1 to many: same as 1 to 1, the only difference is that we have multiple non-primary locations to where we replicate our Ceph images.
However, we do not support the ‘many’ to ‘many’ case, which plays a crucial role on multi-site deployments. If an operator decides to deploy three OpenStack regions, it will definitely want to create a mesh replication between each site. This is currently not possible. The only thing we can do to mitigate this is to configure a chained replication like this A –> B –> C –> A. This forms a replication ring.
This is not ideal as not every site will have each other data, since we want resiliency we need that.

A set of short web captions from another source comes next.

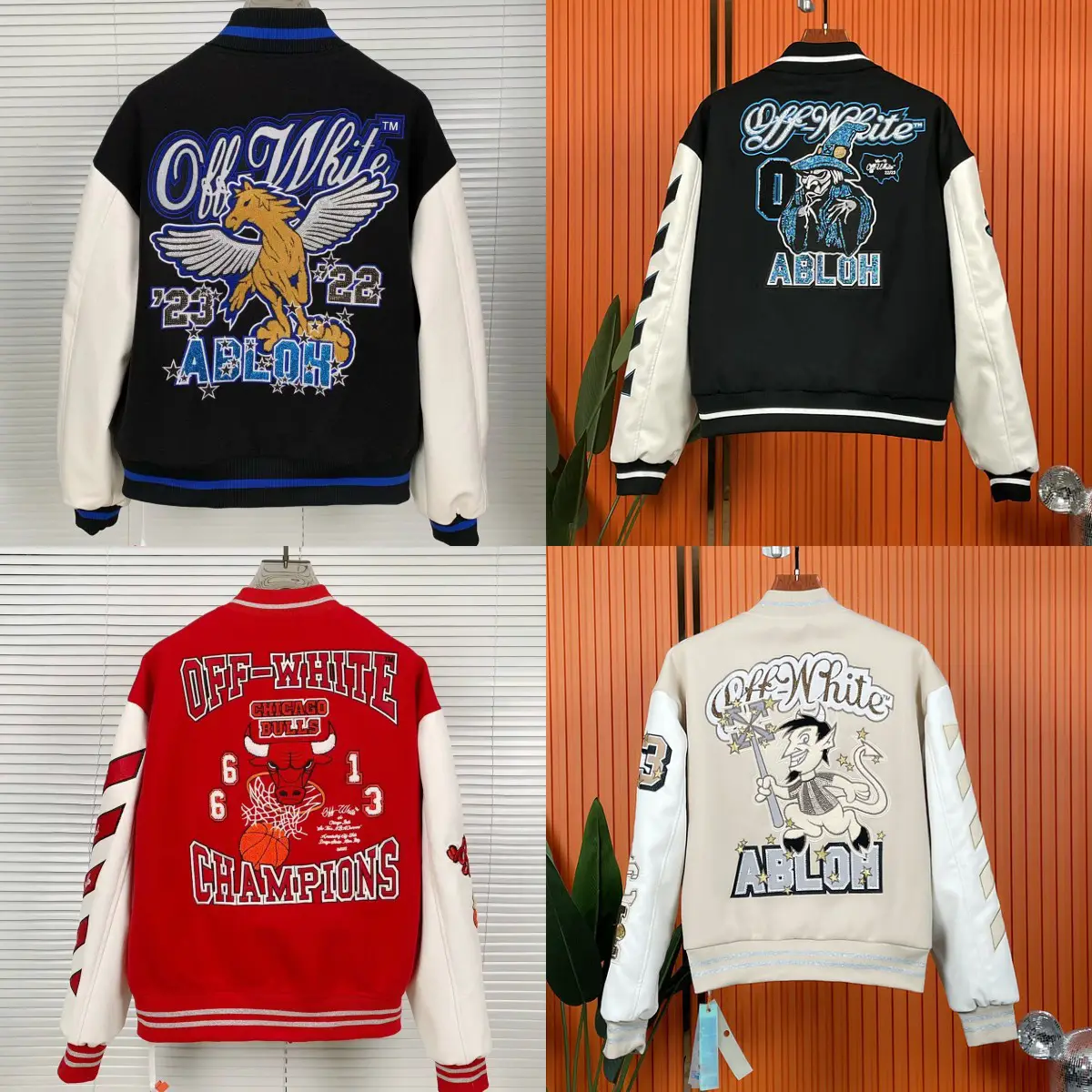 This year's new spliced leather baseball jacket, European and American trendy brand couple's style, youth street fashion jacket jacket jacket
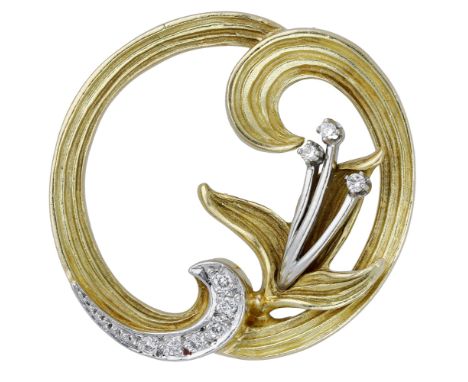 A diamond set lily brooch, of open whorl design with reeded finish and set with brilliant-cut diamond highlights, stamped ‘75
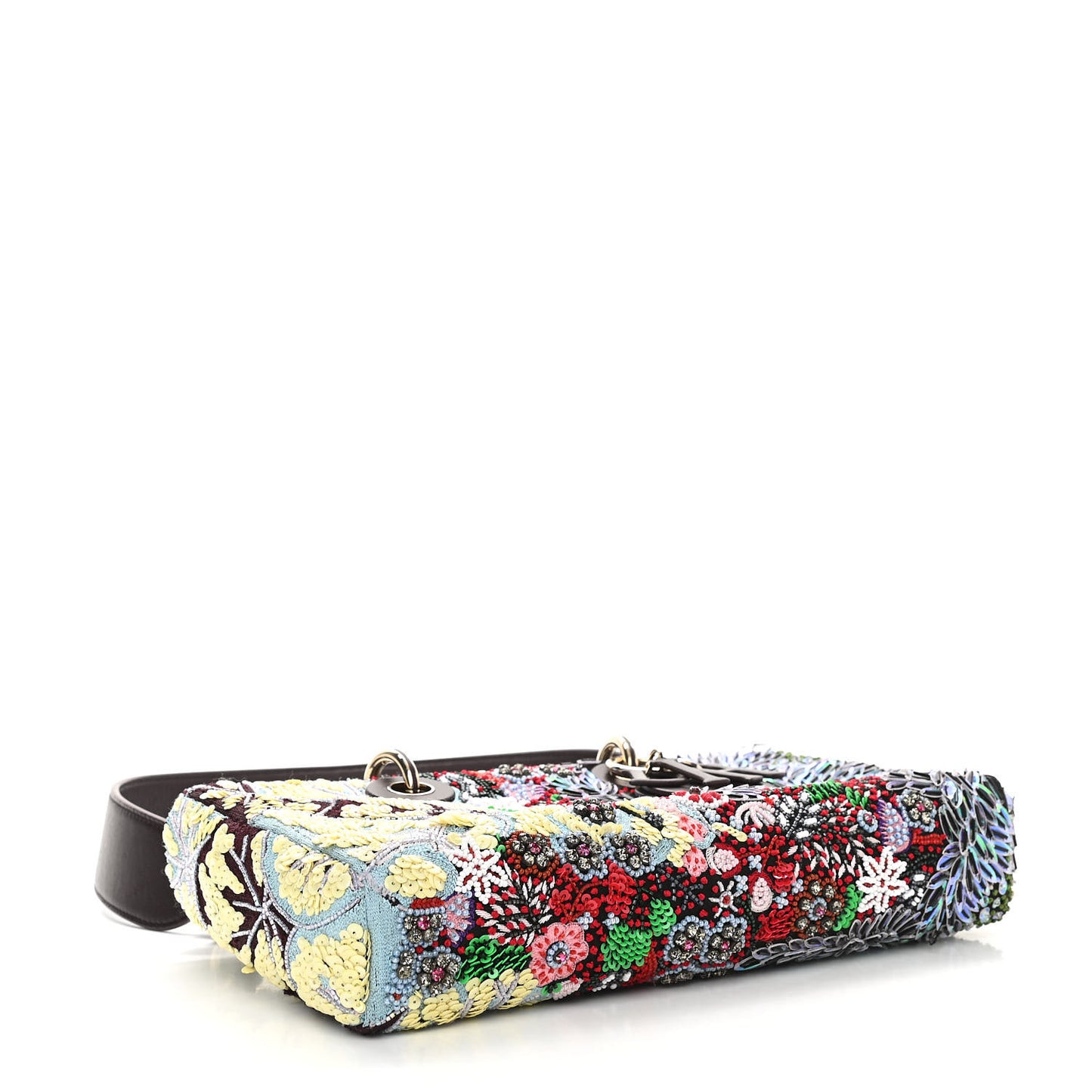 Calfskin Embroidered Sequin East West Lady Dior Multicolor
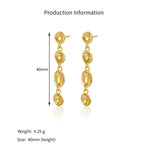 925 Sterling Silver Organic Bean Link Linear Drop Earrings 40400142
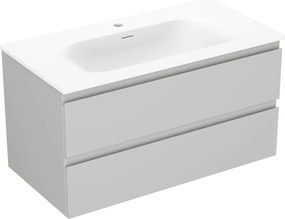 Mexen Orio, kúpeľňová skrinka 90 cm s umývadlom Vela, 2 zásuvky, šedá matná/biela matná, 91A10-09047-2-BFF62-W23M01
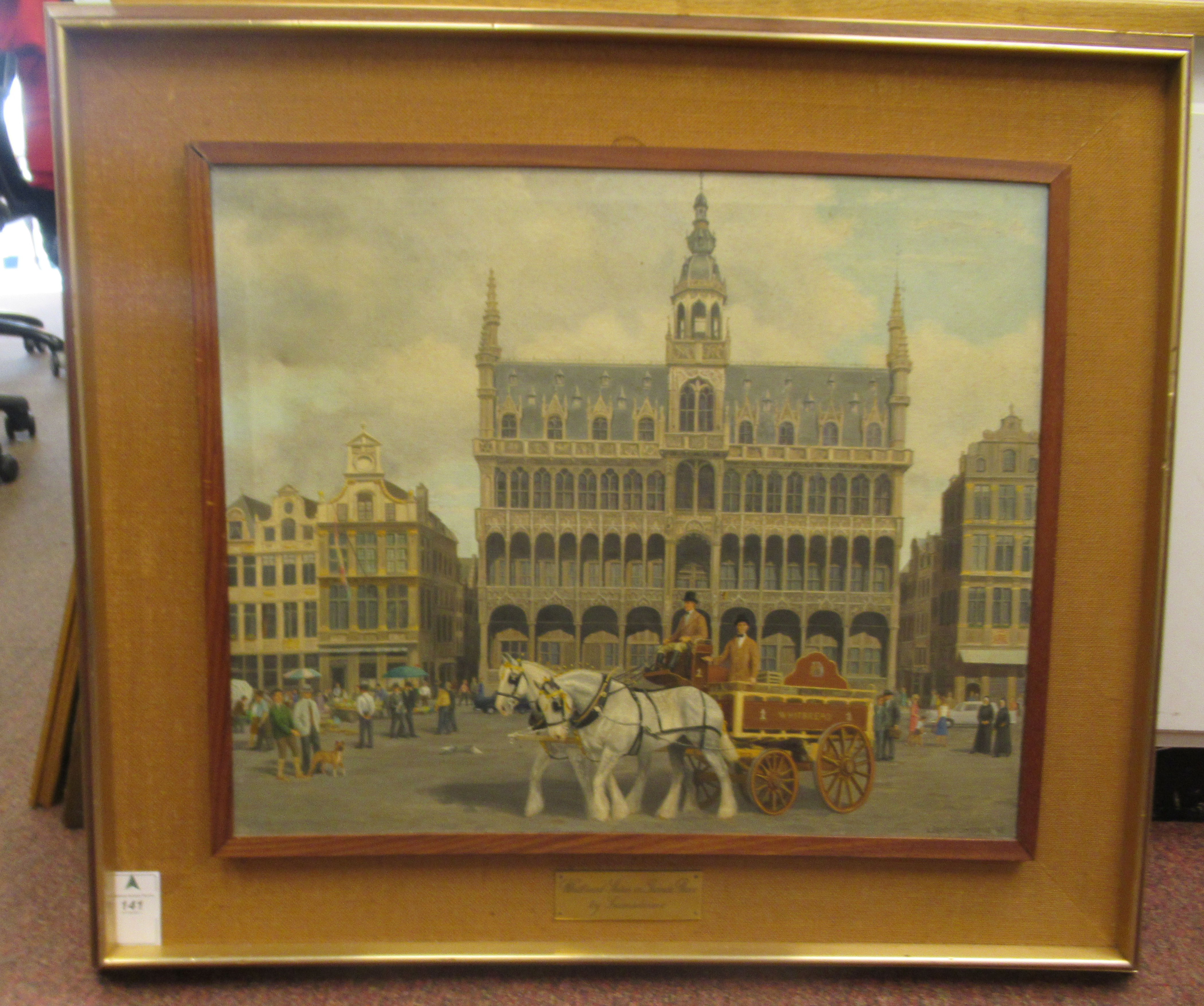 L Sandys-Lumsdaine - 'Whitbread Shires in Grand Place'  oil on canvas  bears a signature & dated '66 - Image 2 of 8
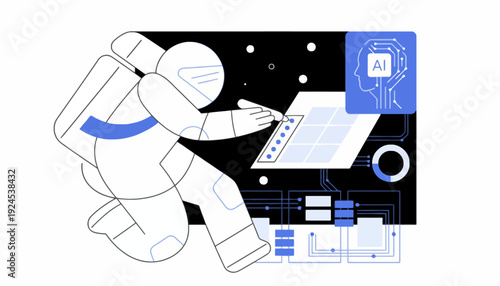 Astronaut interacts with a futuristic tablet in space.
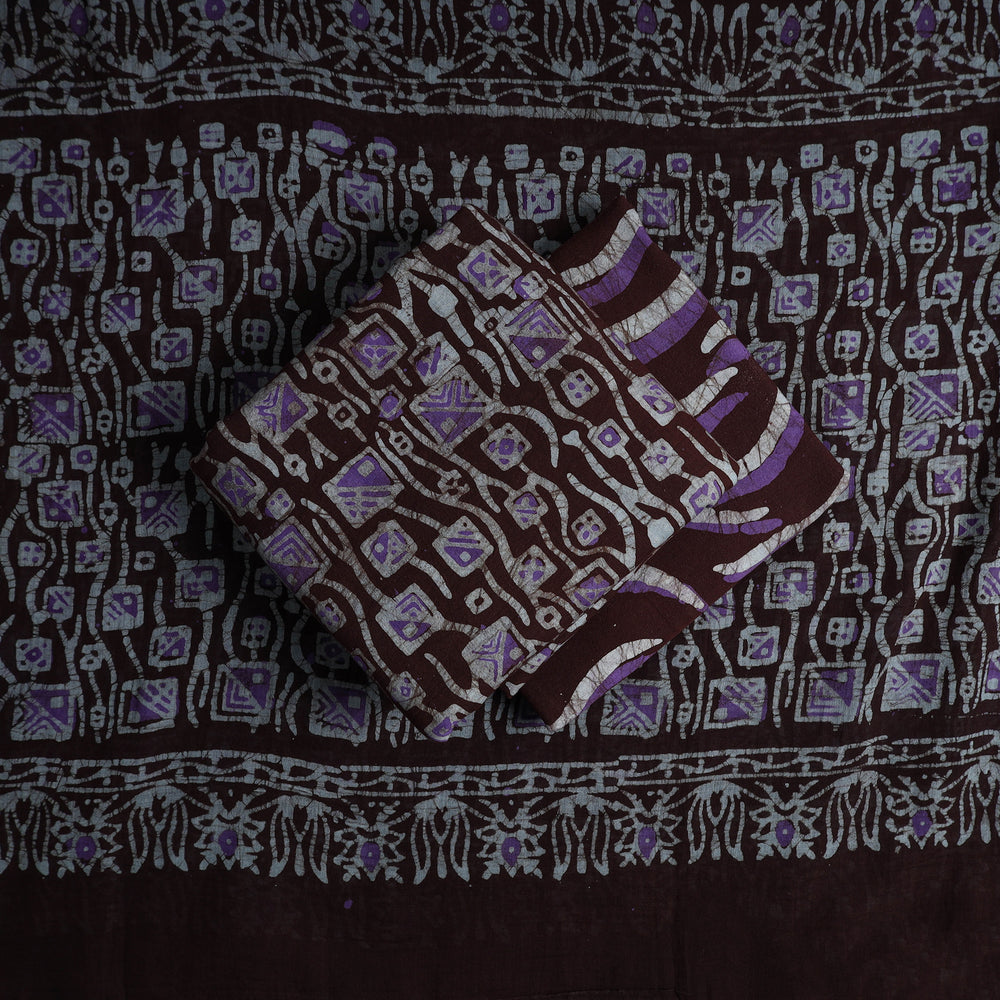 Maroon - Kutch Print 3pc Cotton Batik Dress Material 44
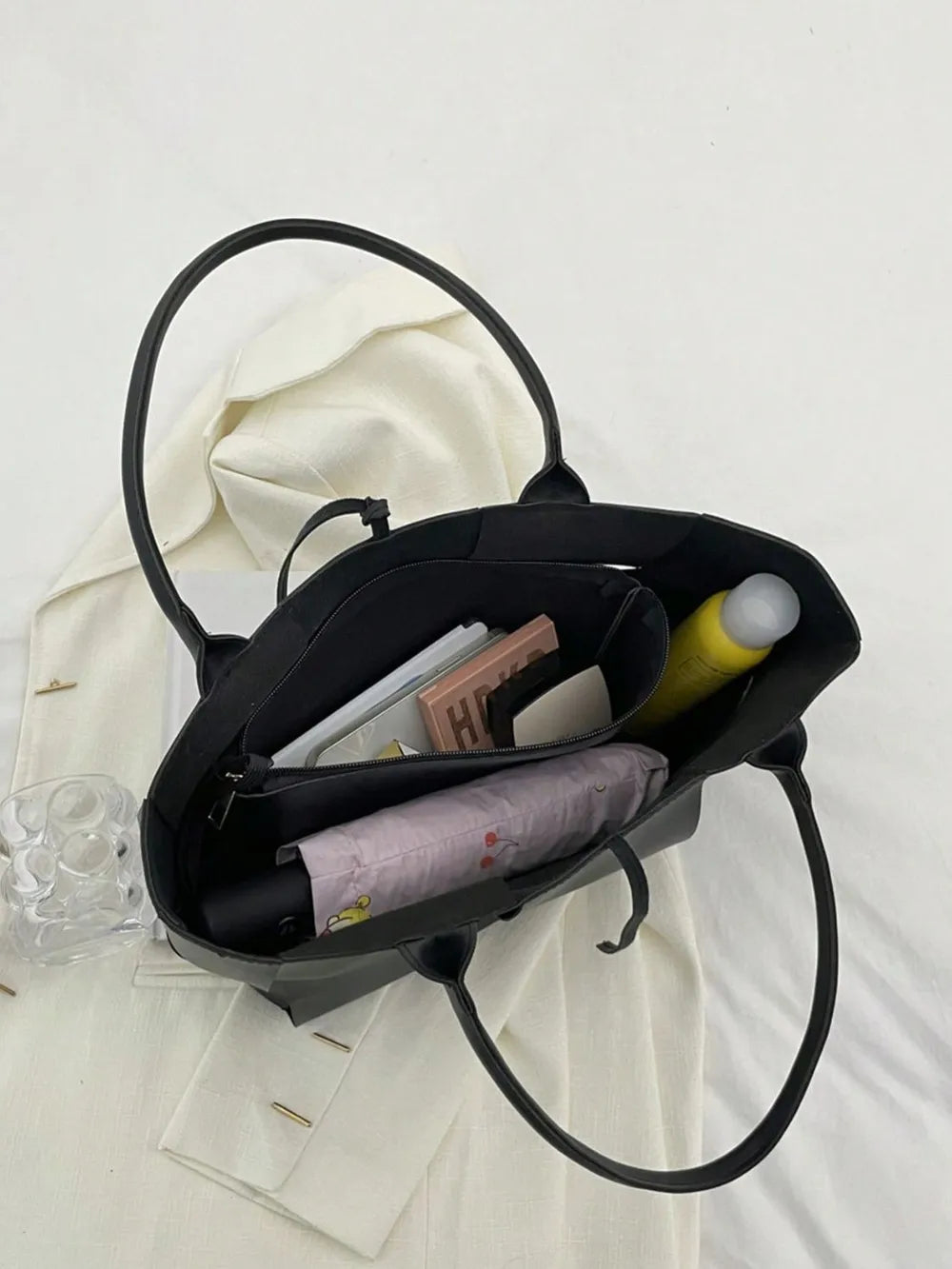 PU Leather Woven Handbag and Clutch Set - Premium handbags from Trendsi - Just $21.99! Shop now at Handbags Specialist Headquarter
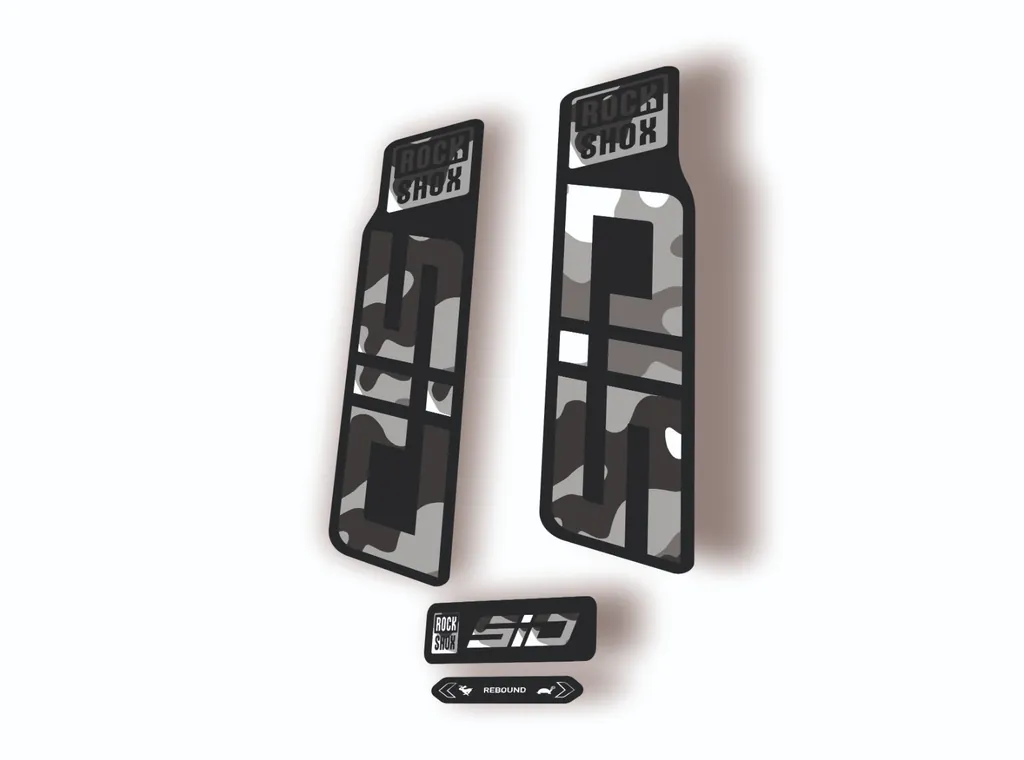 Rock Shox SID 2024 Fork Decal Mountain Bike Cycling Sticker Kit White Camo - 1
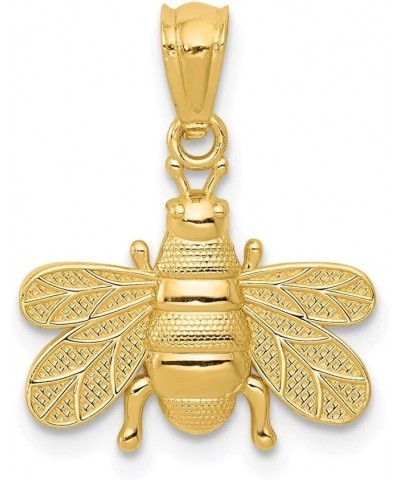 14k Yellow Gold Solid Polished Bee Charm Pendant $34.80 Pendants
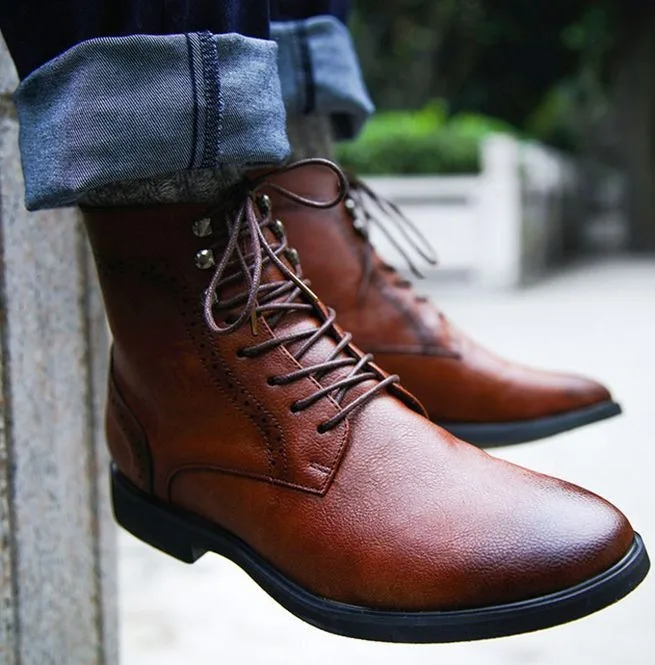 

Fashion Men Pu Leather Low Heel Casual Lace-up Cross-tied Casual Shoe Round Toe Ankle High Style Male Trendy Martin Boots 4M024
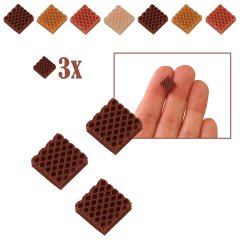 Vierkante Miniatuur Wafel Donkerbruin - Set van 3
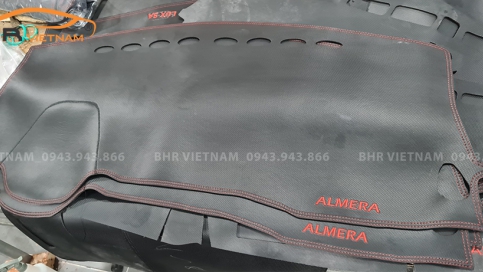 Thảm taplo Nissan Almera 2021 da cacbon Microfiber cao cấp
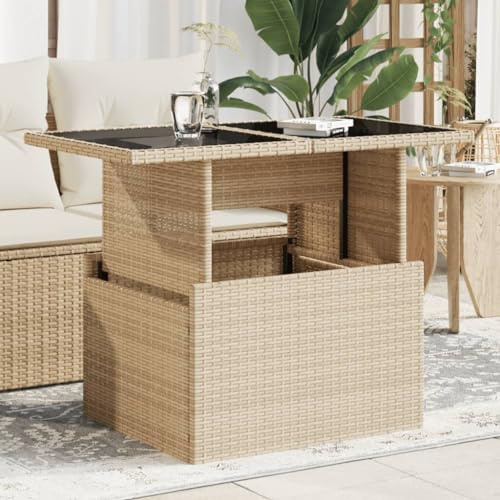 HaoChrymec Gartentisch Beige mit PE-Rattan, Verstellbare Tischplatte, Loungetisch Outdoor, Gartentisch Wetterfest, 100x55x44/73 cm, Balkon Tisch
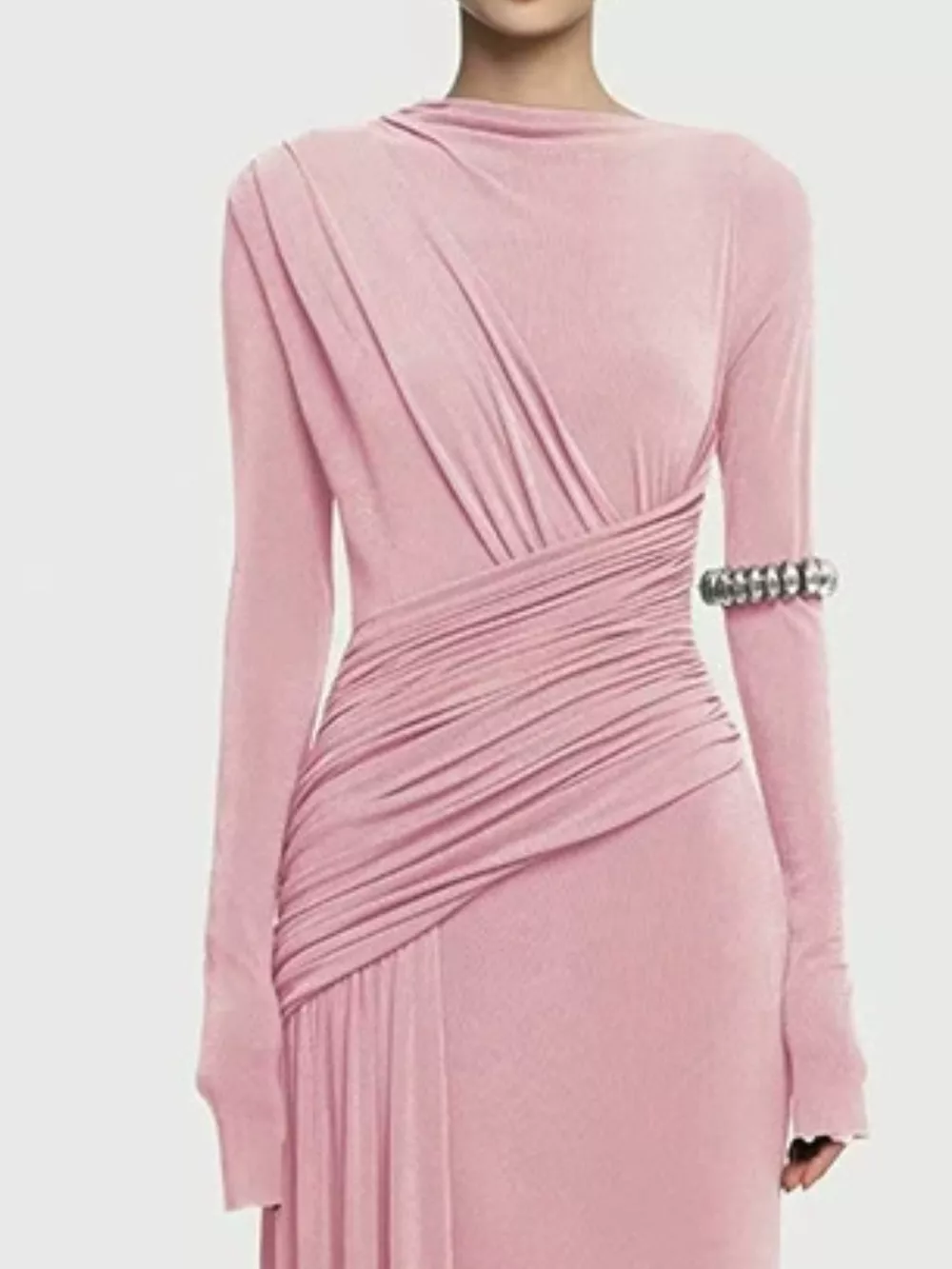 Ruched Long Sleeve Maxi Dress, image 9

The replication using the rbd-mirror is asynchronous, however, if someone deletes the primary image, the non-primary image on the secondary cluster will be deleted as well. This means that if someone accidentally deletes an image, then this image is lost forever. Operators would like to prevent this kind of events, this is why a configuration delayed deletion is important. It will allow us to, for example, set a delayed time for deletion to 4 hours. Within that time frame, anyone who might have accidentally deleted an image can claim it back.
One major use case and fit for Ceph is to use it as the de facto block storage solution for OpenStack. Cloud providers want to deploy OpenStack across multiple sites in a resilient way. To achieve this resiliency, they could deploy two independent OpenStack clouds from each other and configure a cross-replication of Glance and Cinder images between both sites.
Since this setup runs in an active-active fashion, one would want to utilize Glance images from any site. Let’s assume for a second we have the ability to replicate Glance images metadata (DB records) seamlessly from one cloud to another. Along with this, the rbd-mirror will configure to replicate any images from any site to the other one. Presently, non-primary images, the ones being replicated can not be read. They are basically read-only, even worse they can not be cloned. The cloning functionality is one of the keystones of the integration between Glance and Nova when booting an image. If you lose this, we are losing one of the best Ceph features we have brought into OpenStack.
If we can not clone the images we replicated from the primary site then these images can not be used by the secondary OpenStack environment. As a result, they are useless. This is why we need to be able to clone non-primary images on that secondary site.
Depending on the type and the distance, links between datacenter can be very expensive. Putting the monetary aspect on the side they could also serve a different purpose. Consequently, one would want to configure a certain QoS on the replication between two rbd-mirror daemons.
Connected to the previous feature, it is pretty fair to assume that the replication can be delayed on purpose. In the scenario, we allow an administrator to configure a time-delay for rbd-mirror asynchronous replication (e.g. the non-primary site is X hours behind the primary site).
In an event of a failure, non-primary images need to be promoted to primary (so a failover is happening). OpenStack Cinder current replication API implementation iterates through each image of a pool and promotes them. Going through each image one by one can take a substantial amount of time so we are looking at parallelizing this sequence.
Since the primary/non-primary state of an image is per-image (not per-pool), no matter what, it would involve looping through all images in a pool.
The cli could do some tricks like batch X promotions in parallel, we will use something similar to
concurrent_management_ops would be nice I guess
Don’t get too exciting, Ceph Luminous is scheduled for this Fall and not before. Also, keep in mind that not all the features listed above might make it to Luminous.